During the 1980s, the USSR was one of the world’s two strongest nations. The US and USSR were competing with each other for almost anything, ranging from space programs to military hardware. In 1989, the USSR had a population of 287 million people (larger than the US) and a total GDP of almost 3 trillion USD. Looking back after two decades, not even remnants of the once great Soviet Empire can be found among its successor state, The Russian Federation. The USSR was a super power in almost all aspects. The current RF is number one only in terms of the number of drug addicts and epidemics like HIV-AIDS and XDR TB.

The USSR was able to maintain its superiority as a result of its homogeneous population (more than 85% of the population was White Slav, and they dominated the political sphere) and a strong military (the population was comparatively younger, compared to many Western nations, and this helped in securing the draftees). But the current Russian Federation is neither homogeneous (migrants from the Caucasus and Central Asia are dominant in today’s Russia) nor united (relations between CIS nations like Russia, Ukraine, Belarus and Moldovia are not that warm). The military has declined from one of the world’s strongest to one of the weakest (Remember the 1969 Sino-Soviet border conflict in which the Soviet military complately smashed the Chinese army in only a few days time), which is getting defeated in even small scale conflicts like those in Chechenya and Ossetia.

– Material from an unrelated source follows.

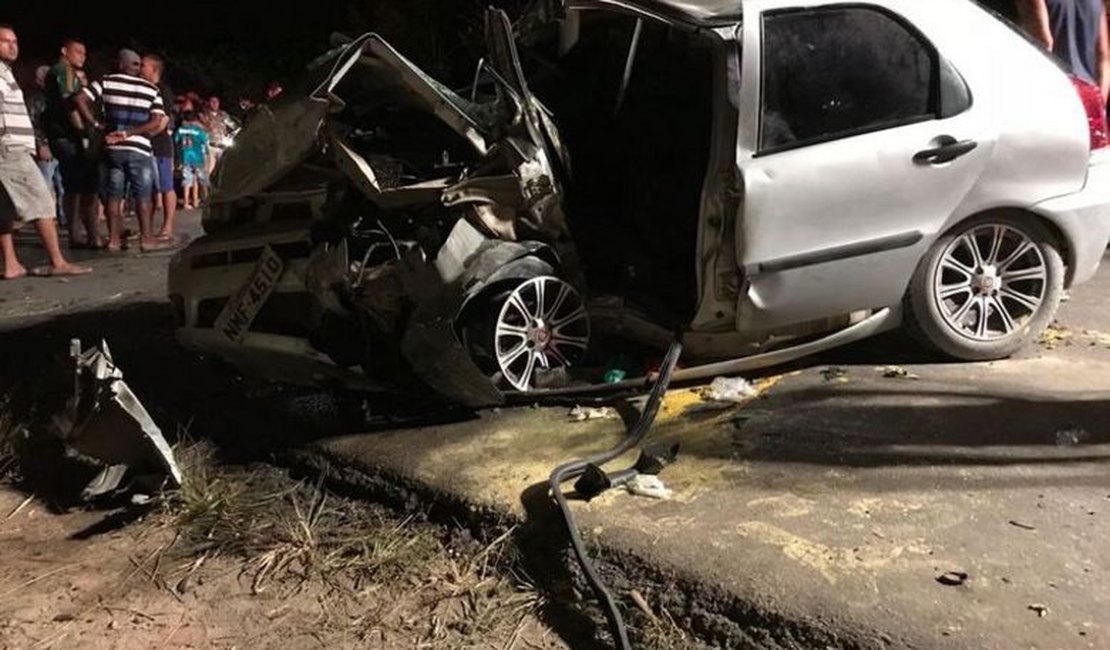 Criança ferida em acidente com dois carros em Marechal segue internada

The Soviet Union was able to survive, despite losing more than 60 million of its citizens during the WW2 and genocides by Stalin. But the economic disaster which succeeded the breakup of the USSR affected the post-Soviet nations so badly (especially Russia and Ukraine), that they are still struggling to recover even after two decades.

The combined population of Slavs living in the FSU (former Soviet Union) declined by close to 20 million in just two decades. And remember, this time most of them died as a result of alcoholism and addiction to heroin. Villages in Central Russia and Eastern Ukraine are witnessing death rates in excess of 30 per 1,000. These sort of mortality has never occurred in any part of the world, at least during the time of peace. The population of Ukraine, which stood at 52 million in 1989, stands at 45 million as of 2011. At the same time, the number of Muslims and other non-Slavs living in RF and Ukraine are raising, as a result of higher birth rates and immigration. In short, the well educated and technologically advanced population is declining, while the less educated population is increasing.

With it’s population declining at a very steep rate and as it’s military weakens, Russia will witness much unrest and economic collapse within the next few decades time. The share of the dominant group (ethnic Russians) in the population is also declining. This can result in the fragmentation of the nation along ethnic lines.